Tuesday, June 10, 2014

Gary Shilling: Short Chinese stocks, sell commodities

Short Chinese stocks

The Shanghai Composite Index is down 67 percent from its October 2007 peak. Even though Chinese stocks may seem inexpensive -- the price-to-earnings ratio for the Shanghai index over the last 12 months is 9.8, compared with 17.3 for the far more costly S&P 500 -- there is no obvious floor. If China has a financial crisis, the risk to Chinese equities is considerable. Bank stocks may be especially vulnerable. Investors who lack direct access to mainland Chinese stocks can use Hong Kong-listed equities and exchange-traded funds.


Sell commodities 

Industrial and agricultural commodity prices took off in 2002, right after China joined the World Trade Organization. As manufacturers in Europe and North America shifted production to China, its thirst for commodities kept growing. Many producers of industrial materials, including base metals, iron ore and coal, also increased capacity as prices leaped.

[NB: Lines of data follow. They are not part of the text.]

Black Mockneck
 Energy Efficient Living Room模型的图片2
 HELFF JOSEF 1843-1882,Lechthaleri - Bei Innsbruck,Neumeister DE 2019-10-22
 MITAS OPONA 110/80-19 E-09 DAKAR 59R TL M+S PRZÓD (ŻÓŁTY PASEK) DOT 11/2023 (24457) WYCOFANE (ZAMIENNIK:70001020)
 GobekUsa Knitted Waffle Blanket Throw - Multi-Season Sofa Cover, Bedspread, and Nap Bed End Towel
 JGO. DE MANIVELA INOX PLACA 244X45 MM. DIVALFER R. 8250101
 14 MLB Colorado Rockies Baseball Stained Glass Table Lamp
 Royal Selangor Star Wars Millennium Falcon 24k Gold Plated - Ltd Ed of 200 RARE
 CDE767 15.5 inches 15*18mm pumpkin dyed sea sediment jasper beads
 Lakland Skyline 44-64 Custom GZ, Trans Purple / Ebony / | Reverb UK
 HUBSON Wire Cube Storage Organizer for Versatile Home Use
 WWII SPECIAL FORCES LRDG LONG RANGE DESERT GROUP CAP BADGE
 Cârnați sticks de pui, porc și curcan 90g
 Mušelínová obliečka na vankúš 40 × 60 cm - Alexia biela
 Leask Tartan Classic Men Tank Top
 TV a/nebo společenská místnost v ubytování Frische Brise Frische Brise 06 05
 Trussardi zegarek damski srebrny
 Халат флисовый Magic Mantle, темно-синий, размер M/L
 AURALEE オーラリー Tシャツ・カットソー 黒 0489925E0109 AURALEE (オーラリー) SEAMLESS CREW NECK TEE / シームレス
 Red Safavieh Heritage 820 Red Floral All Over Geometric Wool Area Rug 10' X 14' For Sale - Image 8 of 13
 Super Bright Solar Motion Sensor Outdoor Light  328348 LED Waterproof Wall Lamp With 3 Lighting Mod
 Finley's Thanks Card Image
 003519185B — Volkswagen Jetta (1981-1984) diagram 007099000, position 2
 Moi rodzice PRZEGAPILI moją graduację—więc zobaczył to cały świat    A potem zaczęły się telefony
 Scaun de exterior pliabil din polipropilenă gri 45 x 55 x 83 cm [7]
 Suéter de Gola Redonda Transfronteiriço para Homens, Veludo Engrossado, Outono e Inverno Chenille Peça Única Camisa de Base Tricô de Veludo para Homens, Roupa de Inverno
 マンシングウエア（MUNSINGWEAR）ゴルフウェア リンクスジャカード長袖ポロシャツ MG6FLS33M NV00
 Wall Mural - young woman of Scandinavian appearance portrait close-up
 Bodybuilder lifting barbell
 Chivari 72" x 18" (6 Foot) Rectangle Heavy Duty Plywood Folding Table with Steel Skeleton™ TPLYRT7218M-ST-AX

Along came the global recession, which drove down materials prices in response to weak demand. Prices soon recovered, only to fall again in 2011, possibly in anticipation of slowing growth in China, which is embarking on a difficult transition from an export-led economy to one driven more by domestic spending. A financial crisis in China would no doubt further depress commodity consumption and prices.